▸ Exercise inputs
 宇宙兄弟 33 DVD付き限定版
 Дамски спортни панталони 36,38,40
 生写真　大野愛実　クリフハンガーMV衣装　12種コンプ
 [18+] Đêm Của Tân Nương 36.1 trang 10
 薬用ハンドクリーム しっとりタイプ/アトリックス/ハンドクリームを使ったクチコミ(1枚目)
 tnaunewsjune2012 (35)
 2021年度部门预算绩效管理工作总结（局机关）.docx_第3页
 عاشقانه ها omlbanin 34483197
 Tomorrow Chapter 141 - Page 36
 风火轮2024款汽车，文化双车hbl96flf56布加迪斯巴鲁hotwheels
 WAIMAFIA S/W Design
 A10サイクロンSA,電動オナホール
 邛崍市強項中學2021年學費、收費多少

▸ Aim of the task
This exercise asks for an exact repeat of the lines from the one holding "Tomorrow Chapter 141 - Page 36" through the end of the data above.

▸ Answer area
 Tomorrow Chapter 141 - Page 36
 风火轮2024款汽车，文化双车hbl96flf56布加迪斯巴鲁hotwheels
 WAIMAFIA S/W Design
 A10サイクロンSA,電動オナホール
 邛崍市強項中學2021年學費、收費多少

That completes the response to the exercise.